Free Johnnies for all our little Johnnies.


----------



## Caveat (24 Mar 2010)

ajapale said:


> "Department of Social Protection" Why does this name make me feel afraid? ...very afraid?


 
I immediately thought of Big Brother. The Orwellian one that is.

Not good.


----------



## Towger (24 Mar 2010)

I thought of Judge Dredd...


----------



## Welfarite (24 Mar 2010)

What does it actually mean? why change the name? And I suppose it'll cost a fortune to change letterheadings, etc. for all these newly-named depts.


----------



## Towger (24 Mar 2010)

Welfarite said:


> I suppose it'll cost a fortune to change letterheadings, etc.


 
Yep and you will have to change your handle to *SocialProtector*


----------



## SlurrySlump (24 Mar 2010)

ajapale said:


> "Department of Social Protection" Why does this name make me feel afraid? ...very afraid?


 
A few weeks ago on the Pat Kenny show Leo Varadkar was talking about getting the Social Welfare recipients back to work. Listening to him speak it sent a chill up my spine. He came across as being very cold. 

I agree with the above sentiment. VERY afraid.


----------



## DublinTexas (24 Mar 2010)

The “Department of Social Protection” has a great mission:

  The mission of the department is to promote a caring society through ensuring access to income support and other services, enabling active participation, promoting social inclusion and supporting families.

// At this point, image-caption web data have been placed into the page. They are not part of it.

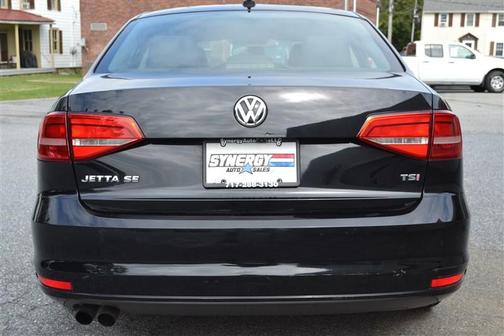 2015 Volkswagen Jetta Auto SE w/Connectivity/Navigation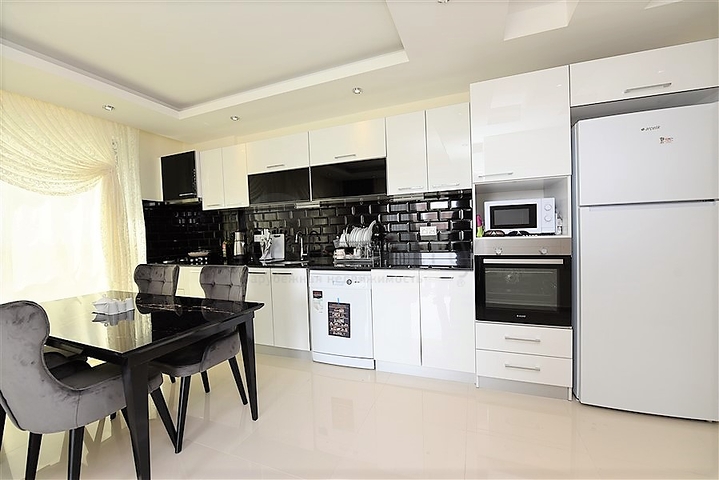 شقة 1+1 للايجار في مجمع مريح في افسالار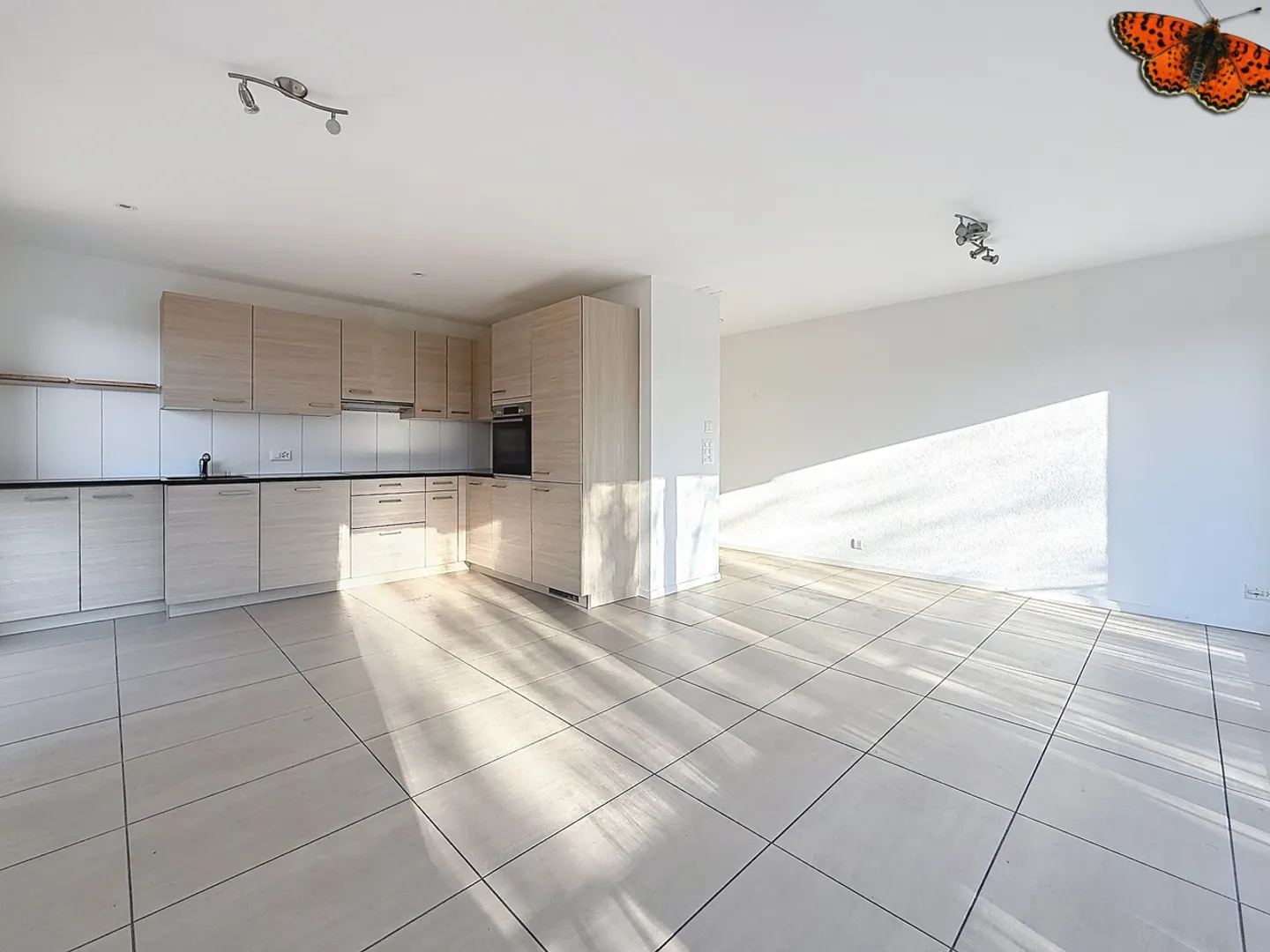 4 ½ ROOMS - Close to amenities! - Photo 4 of 14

And all of this under the proven leadership of Mary Hanafin T.D. .

Soon it will establish "the Commission for the Promotion of Virtue and Prevention of Vices" to ensure that we all do our part to support each other and practice social inclusion. 

Expect the local vigilante to show up on your door to check that you are doing your part!


----------



## mathepac (24 Mar 2010)

DublinTexas said:


> ... Expect the local vigilante ...


Willie "Scrapper" O'Dea?


----------



## Welfarite (26 Mar 2010)

Towger said:


> Yep and you will have to change your handle to *SocialProtector*


  or Arnie maybe


----------



## Welfarite (26 Mar 2010)

Who comes up with these names anyhow? Civil Servants or Politicians? 'social Protection' is anbigious. It could mean 'our mission is to get prople on welrae and protect them so that they can claim it for the rest of their lives' or 'our mission is to protect those on SW from the dangers of a revoring econonmy; after all we managed to do that when the economy was booming by letting FAS do everything escept their job.'


----------



## mathepac (26 Mar 2010)

Politicians don't even know their own names, civil service on WTR so a PR company  came up with the name. PR companies run everything now. PR = Perceived Reality


----------



## ajapale (26 Mar 2010)

ajapale said:


> "Department of Social Protection" Why does this name make me feel afraid? ...very afraid?



For me the name has echoes of this: Ctte of Public Safety.


----------



## Welfarite (27 Mar 2010)

ajapale said:


> For me the name has echoes of this: Ctte of Public Safety.


   Can't wait for Misister Robespierre to arrive on the scene. Michael McDowell in disguise maybe?


----------